Wireless companies now need to be inventive. AT&T executive Glenn Lurie told The Wall Street Journal that the phone company plans “to announce wireless-network services for advanced car-entertainment systems, home appliances, such as smart refrigerators, and handheld game consoles.” The market for powering these kinds of devices is expected to rise to $90 billion by 2013.
The day may come when parents can remotely turn on electronic toys for their children or switch on watering devices for their gardens.
The problems that the programs face are the same ones that all complex technology for the home run into. Most people do not want three TV remote controls, complex video game consoles. VoIP and standard landline phones and dimmer switches that automatically turn on lights at night fall.

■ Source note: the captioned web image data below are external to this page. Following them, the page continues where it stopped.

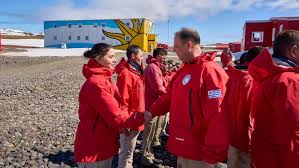 Uruguay’s ANTARKOS XLIII Crew Receives Fire Prevention and Response Training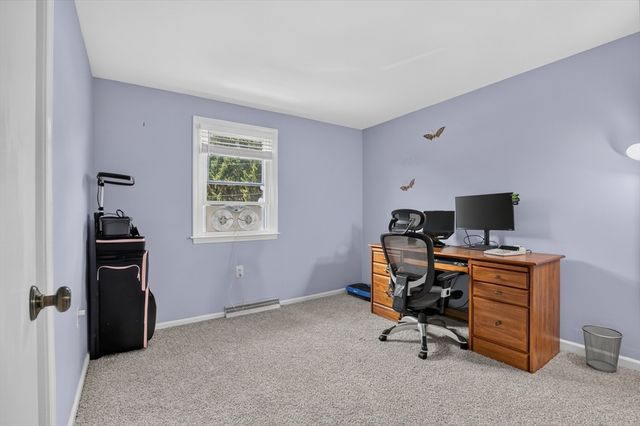 201 Swift Rd, Northbridge, MA 01588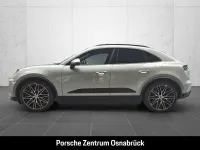 Gebraucht Porsche Macan 300 kW (408 PS) 2024 Grün (oakgrünmetallic neo) SUV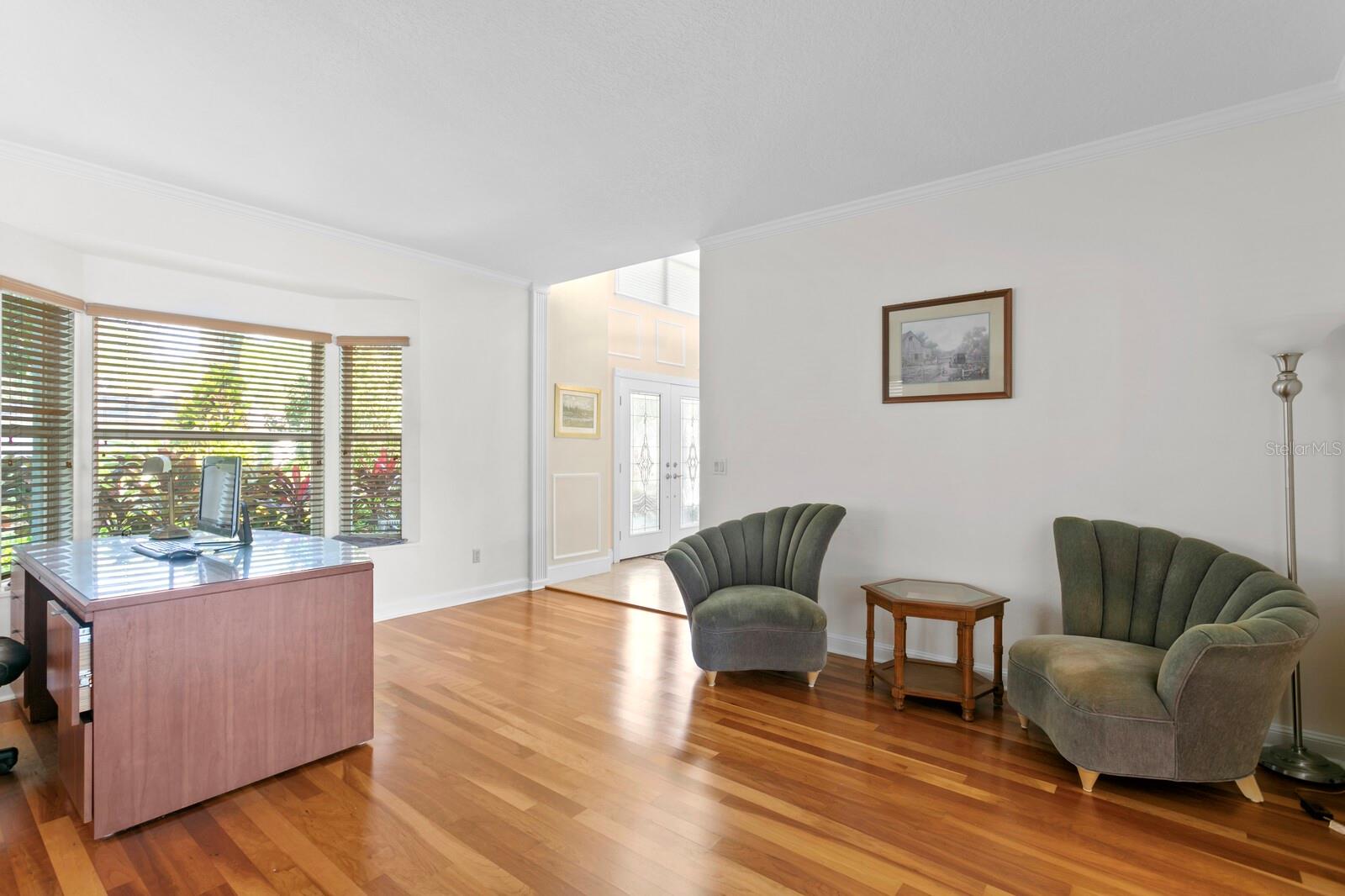 Image 37 of 76 For 13548 Lake Magdalene Drive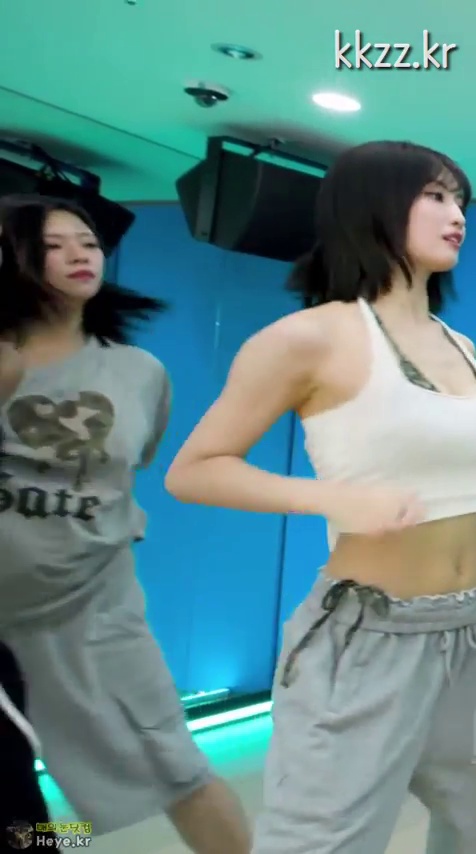 Trembling TWICE Momo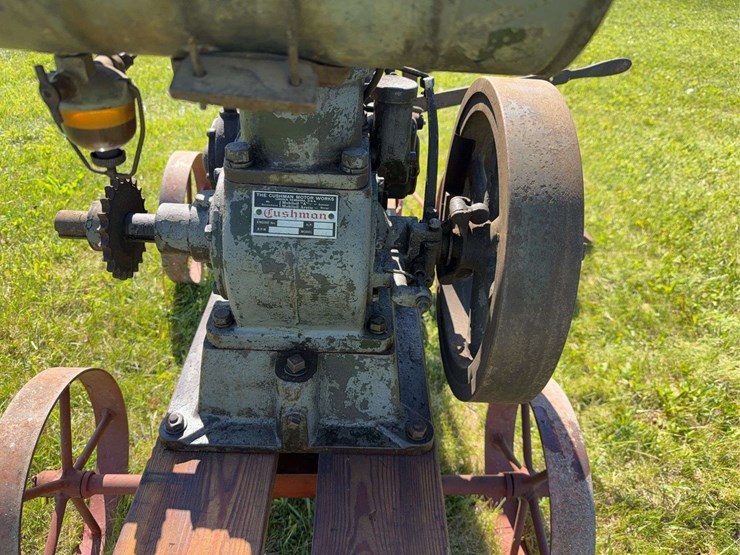(2)-cushman-engines-image-17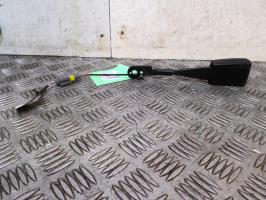 Attache ceinture avant droit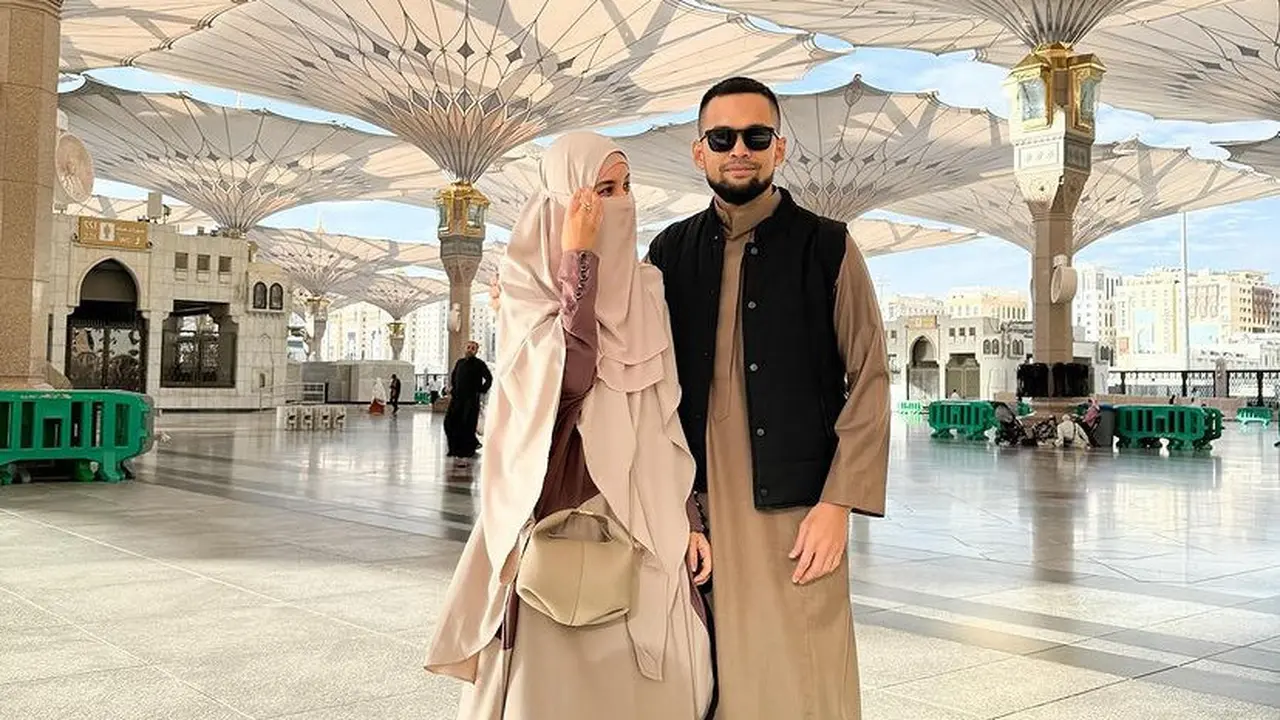 Adu Gaya Artis hingga Influencer saat Ibadah Umroh di Penghujung Tahun 2023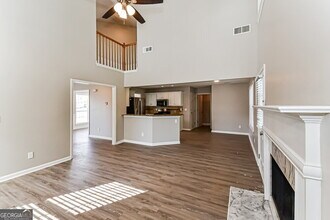 7855 Clearview Cir in Riverdale, GA - Building Photo - Building Photo
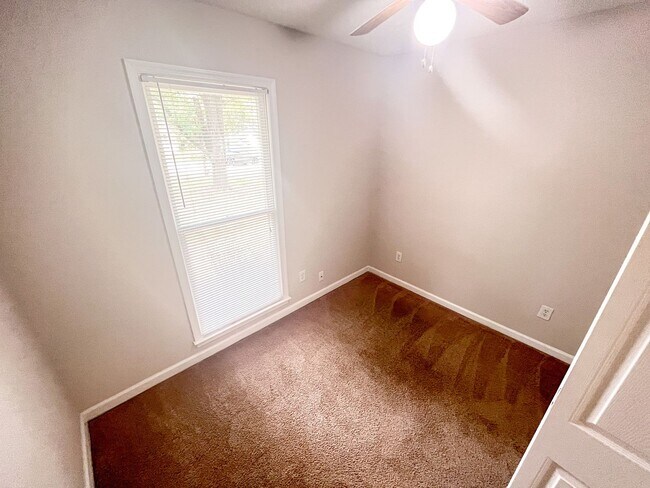 Building Photo - 3 bedroom, 2 bathroom ranch style home in Greensboro, NC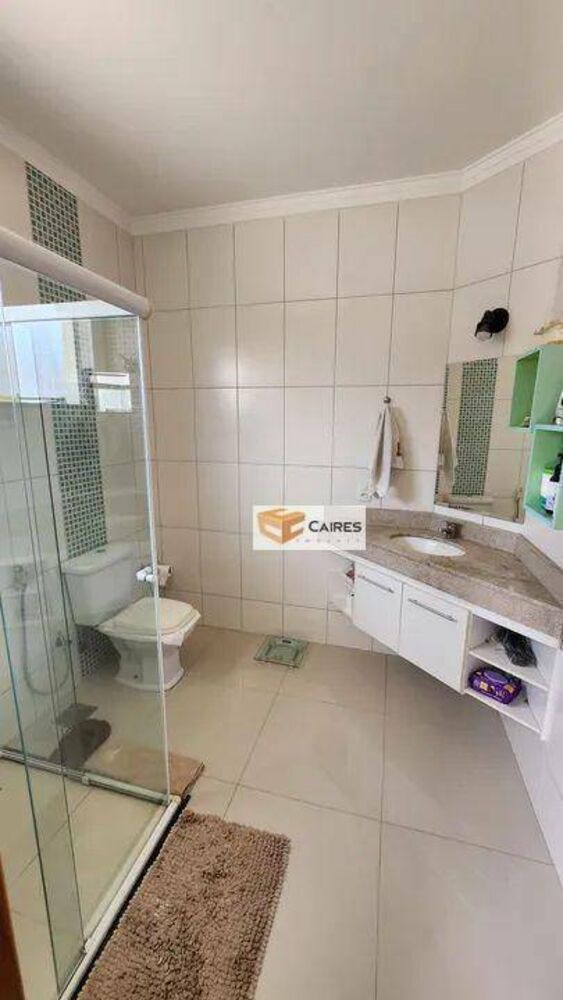 Casa de Condomínio à venda com 3 quartos, 238m² - Foto 3
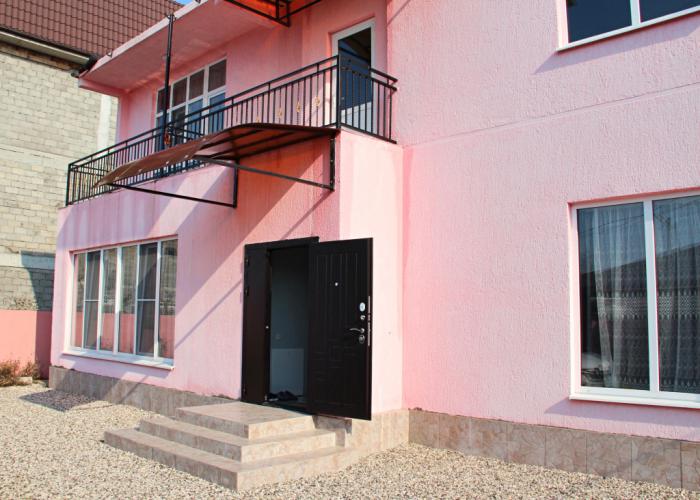 Rozovaya Laguna Guest House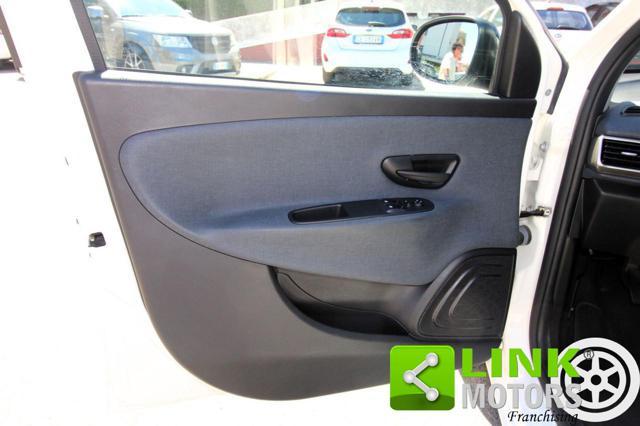 LANCIA Ypsilon 1.0 FireFly 5 porte S&S Hybrid Alberta Ferretti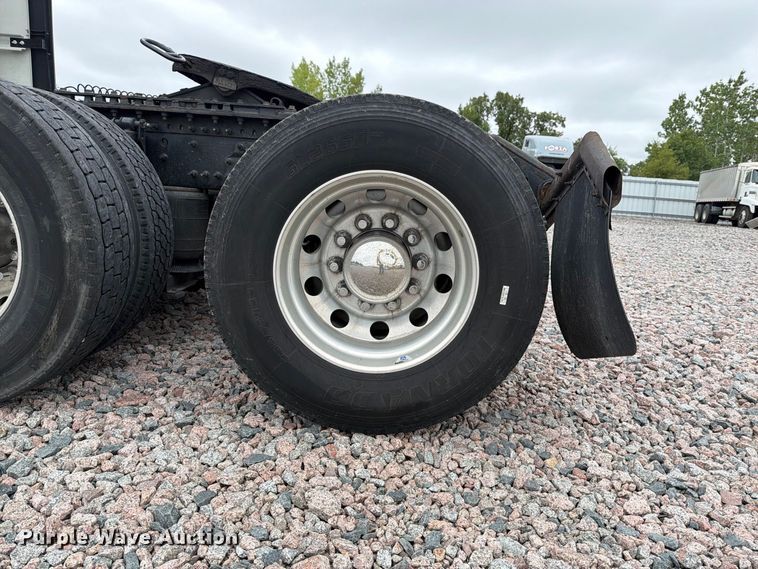 image for item YA5020 2023 Volvo VNL semi truck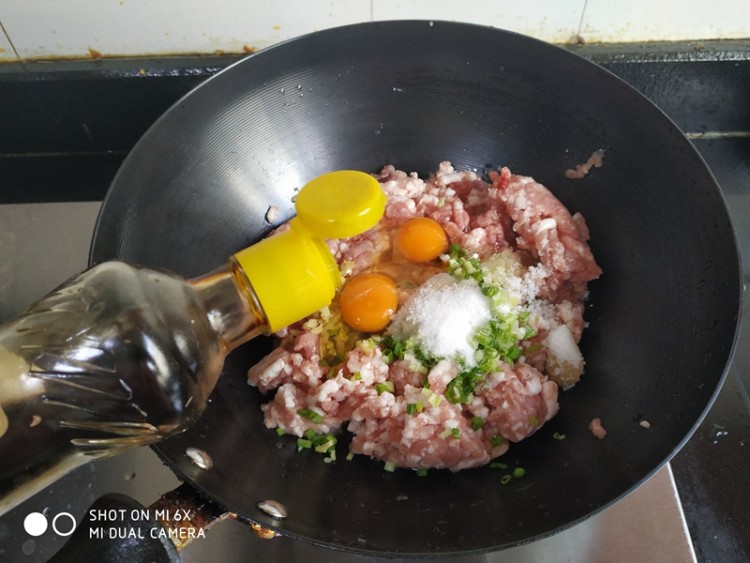 韭菜肉馅生煎饺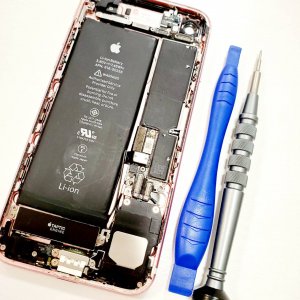 iPhone8 バッテリー交換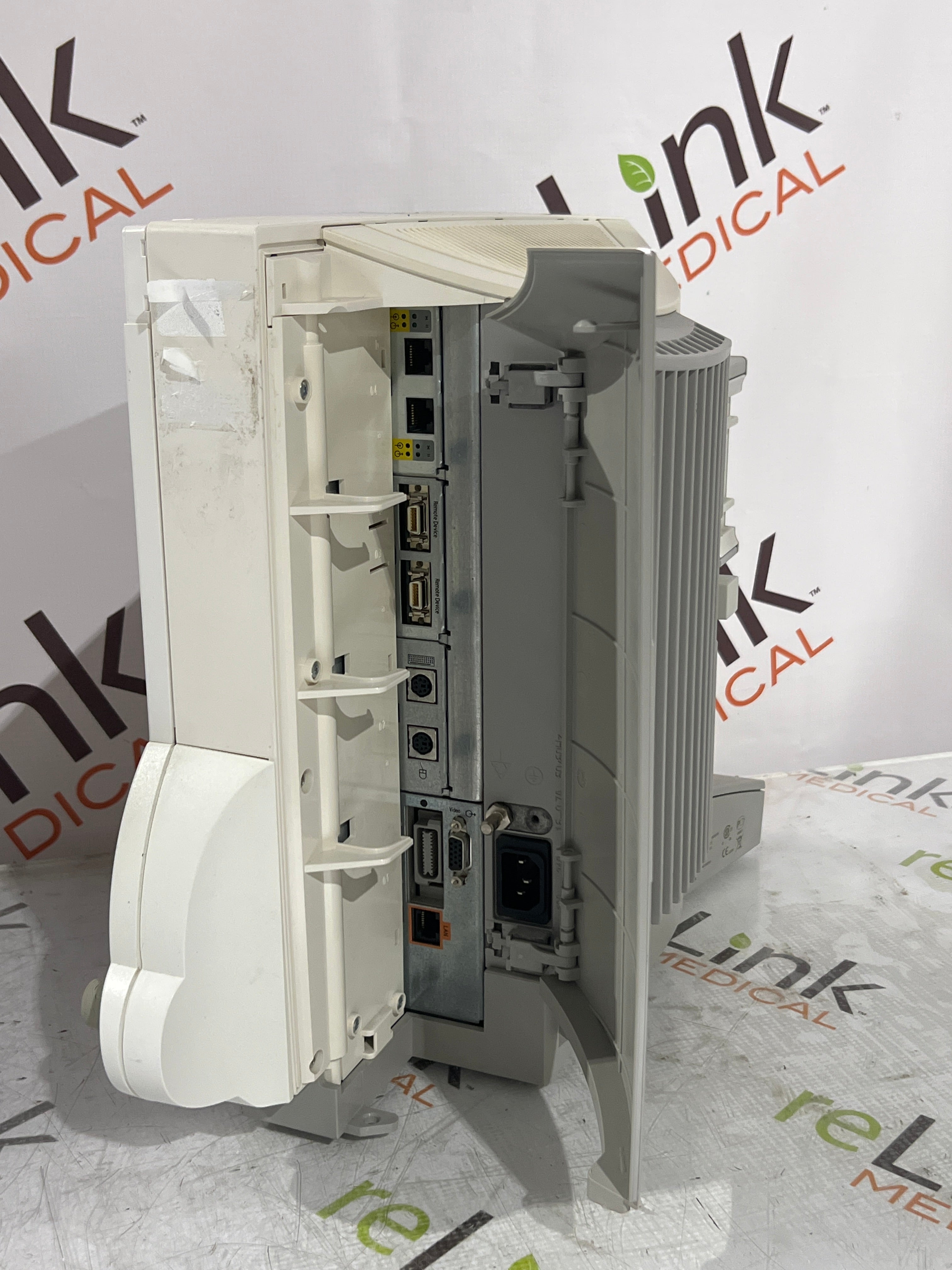 Philips IntelliVue MP70 Patient Monitor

Microsoft (NASDAQ:MSFT) and Intel (NYSE:INTC) tried to build a “smart” entertainment system for American homes in 2003. The concept was that one wired system would allow portable devices, TV sets, cable, WiFi, and PCs to all work in concert. The project was a failure. Consumers found the systems that drove the technology too complex to use. The instruction manuals for the technology must have been a thousand pages thick.
AT&T is up against the same resistance that the American consumer has always shown to new technology unless it is very simple. In a world where their car navigation devices talk to them, they find another set of “smart” devices too overwhelming to think about.